In [3]:
import os
import json
import torch
import torch.nn as nn
import torch.optim as optim
import torchvision.transforms as transforms
from torch.utils.data import Dataset, DataLoader
from torchvision.models import resnet18
import numpy as np
from PIL import Image

try:
    from torchvision.io import read_video
except ImportError:
    raise ImportError("PyAV is not installed. Install it using: pip install av")

device = torch.device("cuda" if torch.cuda.is_available() else "cpu")
print("Device used:", device)

# Dataset Preparation
class VideoDataset(Dataset):
    def __init__(self, folder_path, metadata_path, transform=None, num_frames=5):
        self.folder_path = folder_path
        self.transform = transform
        self.num_frames = num_frames
        with open(metadata_path, 'r') as f:
            self.metadata = json.load(f)
        self.videos = list(self.metadata.keys())

    def __len__(self):
        return len(self.videos)

    def __getitem__(self, idx):
        video_name = self.videos[idx]
        video_path = os.path.join(self.folder_path, video_name)
        label = 1 if self.metadata[video_name]['label'] == 'FAKE' else 0

        cap = cv2.VideoCapture(video_path)
        frames = []
        success, frame = cap.read()
        while success and len(frames) < self.num_frames:
            frame = cv2.cvtColor(frame, cv2.COLOR_BGR2RGB)
            frame = Image.fromarray(frame)  # Convert to PIL Image
            if self.transform:
                frame = self.transform(frame)
            frames.append(frame)
            success, frame = cap.read()
        cap.release()

        # Pad with black frames if not enough frames
        while len(frames) < self.num_frames:
            frames.append(torch.zeros((3, 224, 224)))

        frames = torch.stack(frames[:self.num_frames])
        return frames, torch.tensor(label, dtype=torch.float32)
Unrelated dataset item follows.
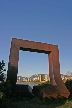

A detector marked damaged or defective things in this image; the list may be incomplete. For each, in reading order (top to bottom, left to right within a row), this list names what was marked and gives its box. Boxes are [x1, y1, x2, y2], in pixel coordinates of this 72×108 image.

rusted steel sculpture [6, 38, 70, 98]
# Transform for preprocessing
transform = transforms.Compose([
    transforms.Resize((224, 224)),
    transforms.ToTensor(),
    transforms.Normalize(mean=[0.5, 0.5, 0.5], std=[0.5, 0.5, 0.5]),
])

# Loading datasets
metadata_path = r"C:\\Users\\yakup\\OneDrive\\Desktop\\Special Dataset\\train_sample_videos\\metadata.json"
train_dataset = VideoDataset(r"C:\\Users\\yakup\\OneDrive\\Desktop\\Special Dataset\\train_sample_videos", metadata_path, transform=transform, num_frames=5)
train_loader = DataLoader(train_dataset, batch_size=4, shuffle=True, num_workers=0, pin_memory=False)
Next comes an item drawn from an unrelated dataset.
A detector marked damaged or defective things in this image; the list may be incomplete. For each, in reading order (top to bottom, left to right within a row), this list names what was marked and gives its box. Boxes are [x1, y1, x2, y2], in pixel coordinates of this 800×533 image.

# Model Definition (ResNet-18 as base)
class FakeVideoDetector(nn.Module):
    def __init__(self):
        super(FakeVideoDetector, self).__init__()
        self.resnet = resnet18(weights='IMAGENET1K_V1')
        self.resnet.fc = nn.Linear(self.resnet.fc.in_features, 1)  # Binary classification

    def forward(self, x):
        # Input shape: (B, F, C, H, W) -> ResNet processes single images
        B, F, C, H, W = x.size()
        x = x.view(B * F, C, H, W)  # Combine batch and frames
        x = self.resnet(x)
        x = x.view(B, F, -1).mean(dim=1)  # Average over frames
        return x

# Initialize model, loss, optimizer
model = FakeVideoDetector().to(device)
criterion = nn.BCEWithLogitsLoss()
optimizer = optim.Adam(model.parameters(), lr=0.0001)

# Training Loop
for epoch in range(10):
    model.train()
    total_loss = 0
    for videos, labels in train_loader:
        videos, labels = videos.to(device), labels.to(device)
        optimizer.zero_grad()
        outputs = model(videos)
        loss = criterion(outputs.squeeze(), labels)
        loss.backward()
        optimizer.step()
        total_loss += loss.item()
    print(f"Epoch {epoch+1}, Loss: {total_loss/len(train_loader):.4f}")

Device used: cuda


error: OpenCV(4.10.0) D:\a\opencv-python\opencv-python\opencv\modules\core\src\alloc.cpp:73: error: (-4:Insufficient memory) Failed to allocate 6220800 bytes in function 'cv::OutOfMemoryError'


In [None]:
# Save Model
torch.save(model.state_dict(), "fake_video_detector_more_epochs.pth")
print("Model saved successfully.")

In [None]:
model.eval()  # Set the model to evaluation mode

In [None]:
from sklearn.metrics import classification_report, confusion_matrix, ConfusionMatrixDisplay
import matplotlib.pyplot as plt

# Evaluate the model and gather predictions and true labels
model.load_state_dict(torch.load("fake_video_detector.pth"))
model.eval()

all_preds = []
all_labels = []

# Perform evaluation
with torch.no_grad():
    for videos, labels in validation_loader:
        videos, labels = videos.to(device), labels.to(device)
        outputs = model(videos)
        preds = (torch.sigmoid(outputs.squeeze()) > 0.5).int()
        all_preds.extend(preds.cpu().numpy())
        all_labels.extend(labels.cpu().numpy())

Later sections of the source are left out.